§ **Provided data**
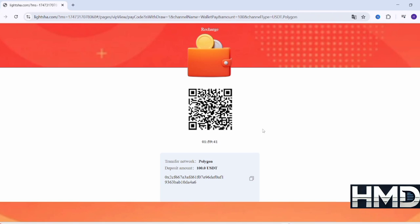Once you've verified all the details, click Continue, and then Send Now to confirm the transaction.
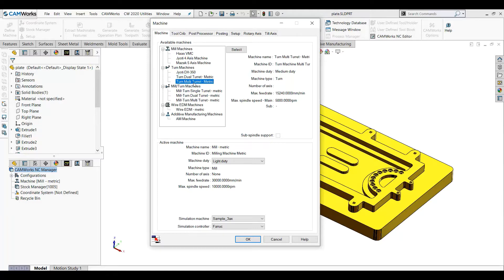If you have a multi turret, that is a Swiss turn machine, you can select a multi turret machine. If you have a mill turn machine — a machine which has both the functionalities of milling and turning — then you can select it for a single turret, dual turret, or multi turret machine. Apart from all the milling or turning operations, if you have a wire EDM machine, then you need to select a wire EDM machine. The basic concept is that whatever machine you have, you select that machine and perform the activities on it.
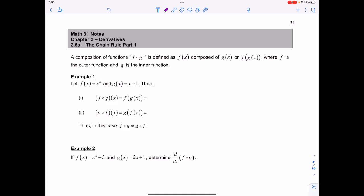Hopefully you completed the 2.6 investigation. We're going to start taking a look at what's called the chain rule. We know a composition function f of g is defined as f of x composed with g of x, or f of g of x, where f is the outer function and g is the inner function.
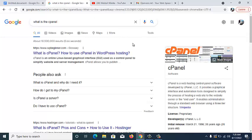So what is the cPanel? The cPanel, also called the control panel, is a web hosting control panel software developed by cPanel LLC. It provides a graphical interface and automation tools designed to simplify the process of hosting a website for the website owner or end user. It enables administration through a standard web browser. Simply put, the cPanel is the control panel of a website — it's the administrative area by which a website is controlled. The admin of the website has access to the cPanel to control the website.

§ **What is needed**
An exact copy of the lines above, from the first through the line that holds "If you have a multi", is what is needed; leave the pictures out.

§ **Response**
Once you've verified all the details, click Continue, and then Send Now to confirm the transaction.
If you have a multi turret, that is a Swiss turn machine, you can select a multi turret machine. If you have a mill turn machine — a machine which has both the functionalities of milling and turning — then you can select it for a single turret, dual turret, or multi turret machine. Apart from all the milling or turning operations, if you have a wire EDM machine, then you need to select a wire EDM machine. The basic concept is that whatever machine you have, you select that machine and perform the activities on it.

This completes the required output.